Dort wurde ich dann auch schnell zum neuen Fachbereichsleiter vorgelassen, den
ich auch noch von meiner Präsentation vor zwei Jahren kannte. Er hat sich auch
an mich erinnert, obwohl die Frage, wie es denn mit meiner Migrationsforschung
liefe dann doch Anlass zu der Annahme gab, dass er mich irgendwie verwechselt
hat. Naja, dann hat er mir ein paar alberne Fragen zu meiner Forschung gestellt
(er hatte meinen Fortschrittsbericht vorliegen und hat Halbsätze daraus
vorgelesen, die ich dann vervollständigen durfte…) und hat mir anschließend
mitgeteilt, dass das ja alles schön und gut sei, aber er hätte gar keine
Unterlagen darüber, ob ich denn wirklich eingeschrieben sei, ob ich da was mit
hätte. Hatte ich natürlich nicht, und eigentlich besteht die
Dokumentationspflicht ja auf deren Seite, alle Briefe von den International
Relations sind auch in Kopie an das Institut gegangen. Aber wenn das so sei,
könnte er mir leider keinen Schrieb ausstellen, da könnte ja jeder kommen. In dem
Moment bin ich fast geplatzt. Da verschlampen die meine Akte, der Typ kennt
mich sogar und weiß genau, dass ich seit zwei Jahren am Institut eingeschrieben
bin, und immer noch kommt der mir blöd. Diese Korinthenkackerei gepaart mit
vollkommener Unfähigkeit bringt mich mittlerweile so auf die Palme, manchmal
habe ich das Gefühl, dass man in Nepal nur in hohe Positionen kommt, wenn man
diese Kombination beherrscht.
Nachdem ich mich dann ein wenig aufgeregt habe, hat er auch
zugegeben, dass der Fehler auf ihrer Seite liegt, aber ich sollte doch bitte
trotzdem selbst eine Kopie meiner Unterlagen bei den International Relations
besorgen. Darauf bin ich dann auch sofort eingegangen, wer weiß, was die mit
meinen Papieren gemacht hätten, wenn ich das denen überlassen hätte.
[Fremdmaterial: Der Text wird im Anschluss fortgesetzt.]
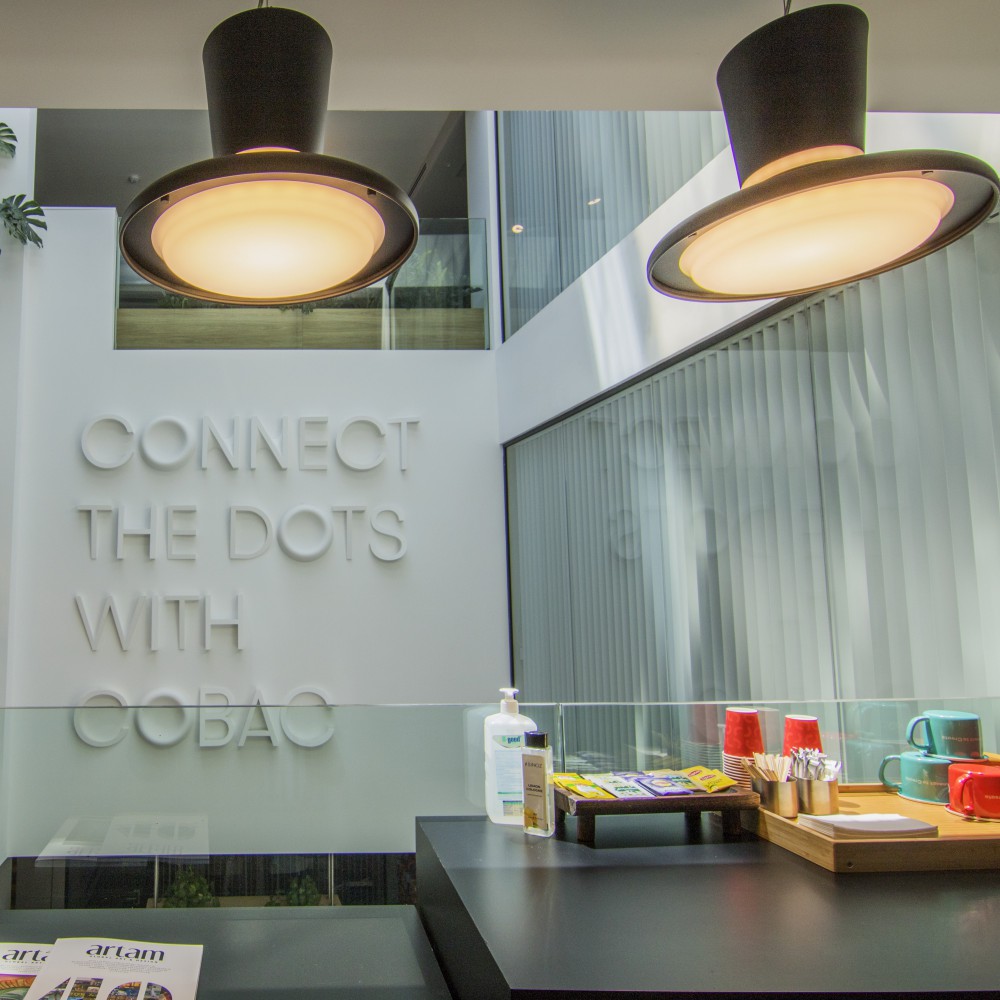 Skywall Kantoor Scheidingswanden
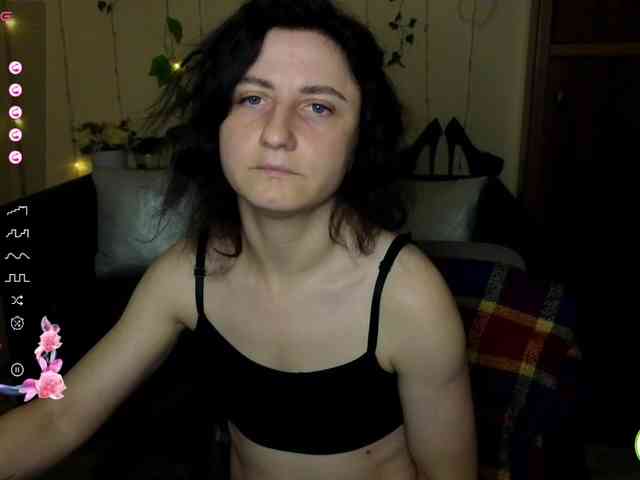 Musekittyjeni112 webcam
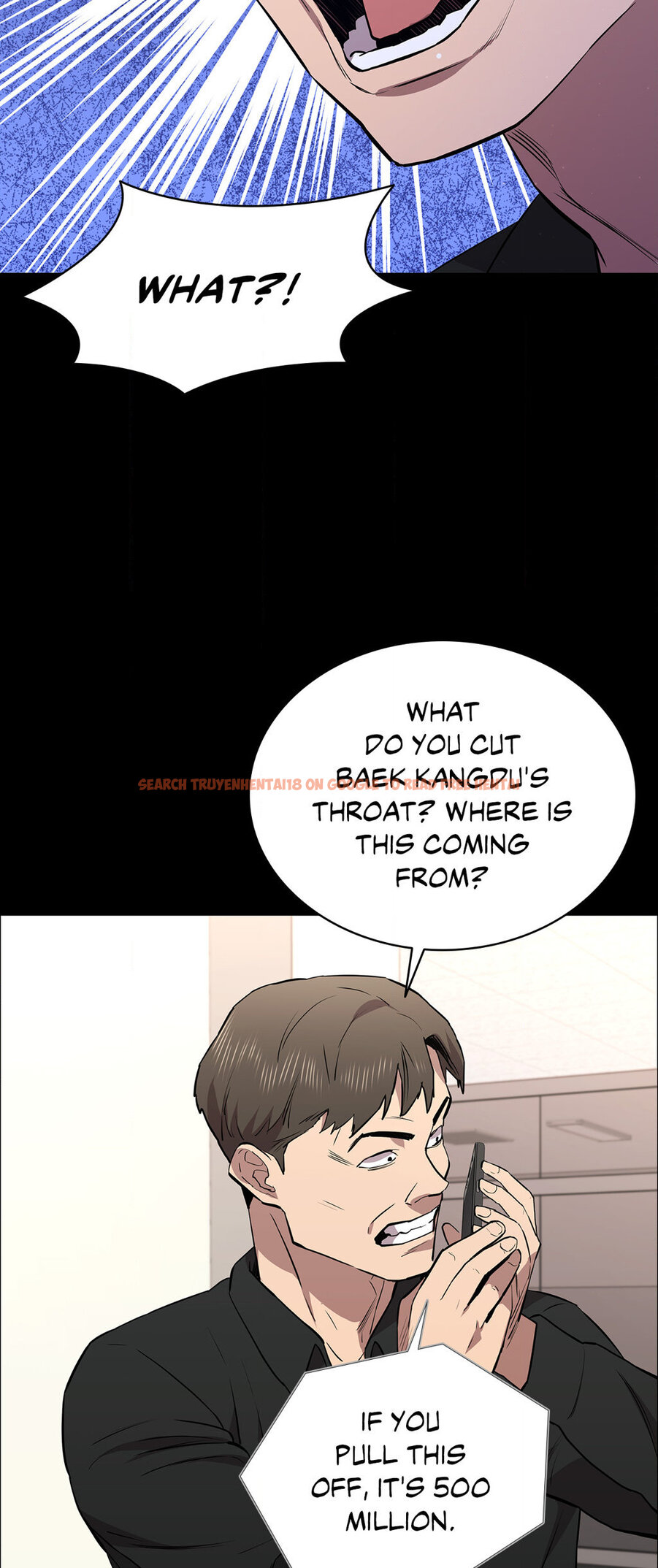 Read Hentai Image 69 e82c0 in comic Thorns On Innocence - Chapter 106 - hentaitnt.net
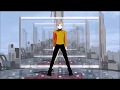 MMD Womanizer Trek Version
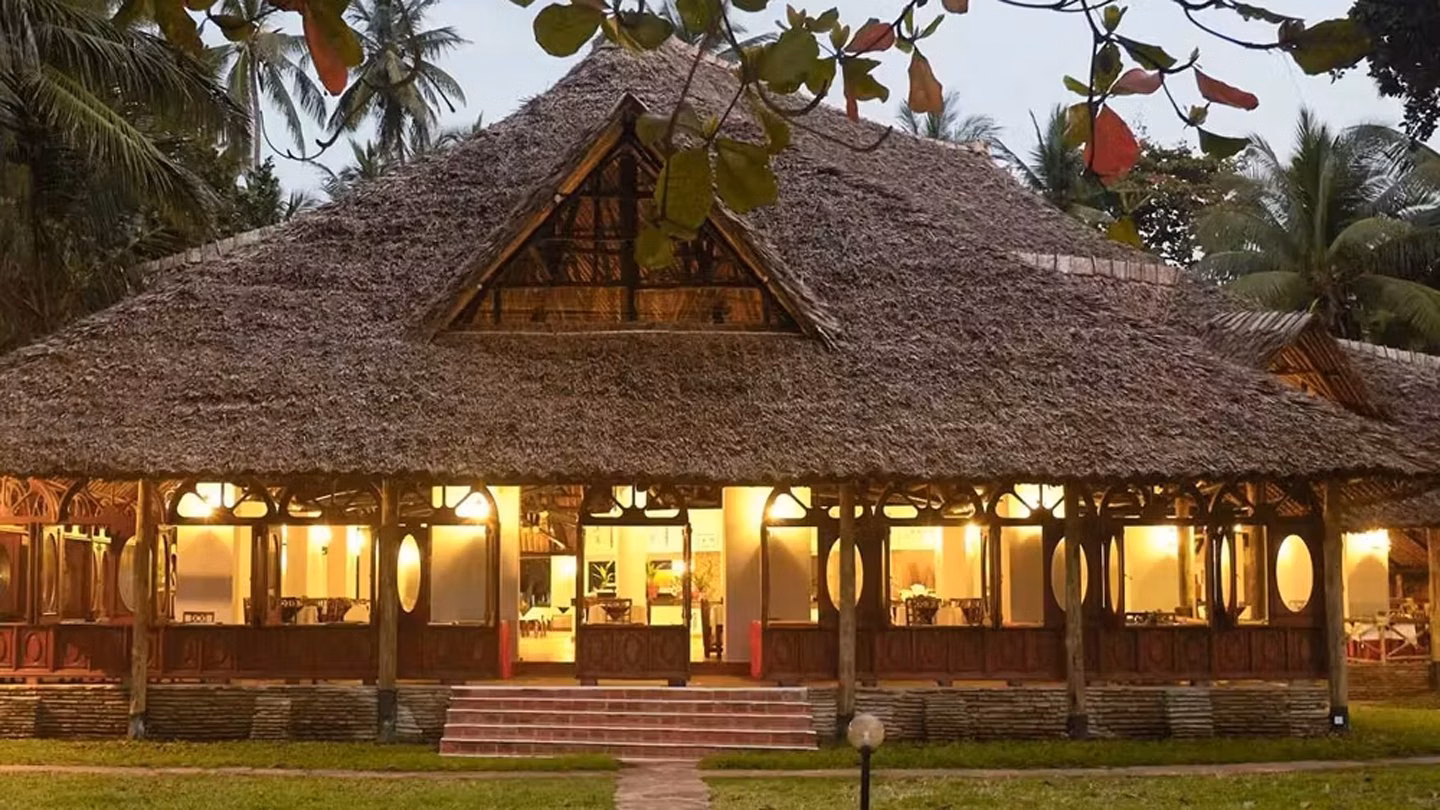 Neptune Village Beach Resort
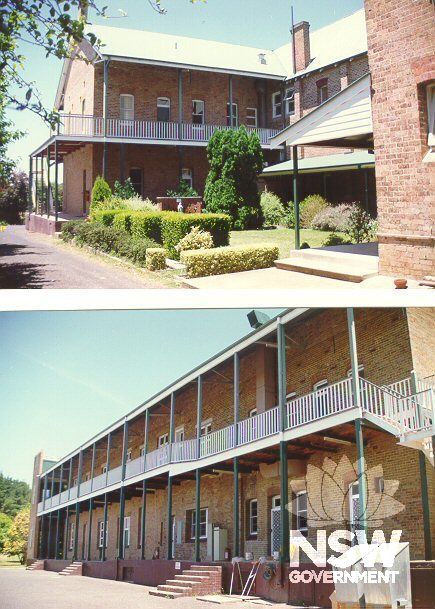 Marist Brothers Centre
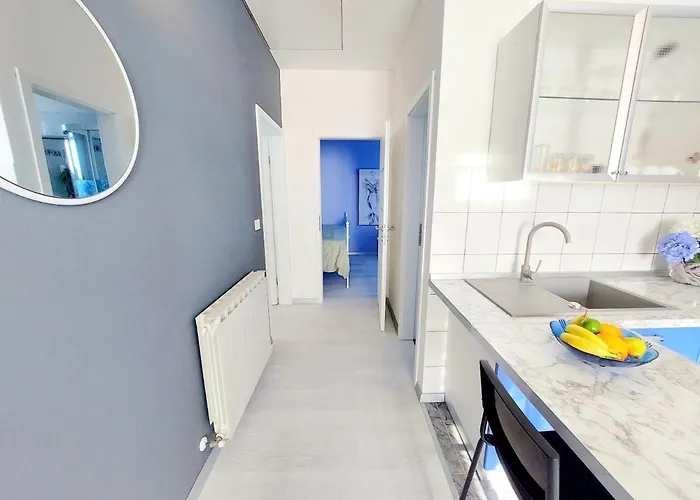 Lesa * Rovinjsko Selo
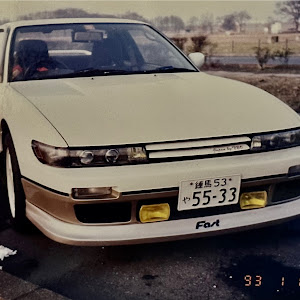 シルビア S13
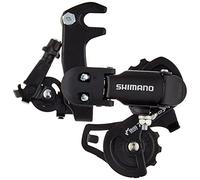 Shimano Tourney RD-FT35 6/7-speed Rear Derailleur With Mounting Bracke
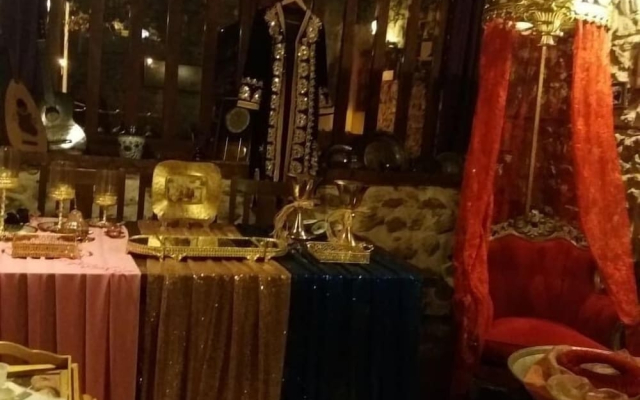Boncuk Konak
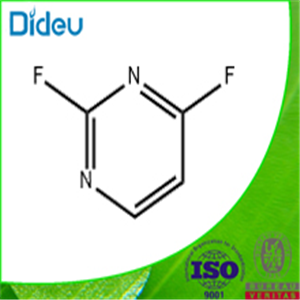 2,4-DIFLUOROPYRIMIDINE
Also
musste Miriam wieder ihre –gerade ausgepackten – Malsachen einpacken und zurück
zu den International Relations. Dort war die Sachbearbeiterin ganz entsetzt,
wie es denn sein könnte, dass so offizielle Dokumente einfach so verloren
gehen, hat mir dann aber wenigstens schnell eine Kopie gemacht. Wieder Kommando
zurück, wo dann der Fachbereichsleiter ohne einmal auf die Kopie zu blicken
seinen Assistenten angewiesen hat, die Bescheinigung auszustellen. Hätte man ja
auch nicht schon in der Zwischenzeit machen können… Es sollte eine einfache
Bestätigung über zwei Zeilen sein, dann ist aber noch in wilder Diskussion ein
einseitiger Brief entstanden, der dann nach einigem hin und her auch
unterzeichnet wurde. Arme Miriam, schon wieder musste sie ihre Sachen packen
und es ging zurück. Zum dritten Mal an dem Tag saß ich dann also vor der Frau, aber
diesmal war alles richtig und ich durfte meine Unterlagen abgeben. Auf dem Weg
zurück in die Stadt habe ich glaube ich ununterbrochen geflucht.
Nächsten Montag muss ich meinen Brief dort abholen und dann
zum Bildungsministerium, dann geht es in die zweite Runde… Wünscht mir Glück und Geduld!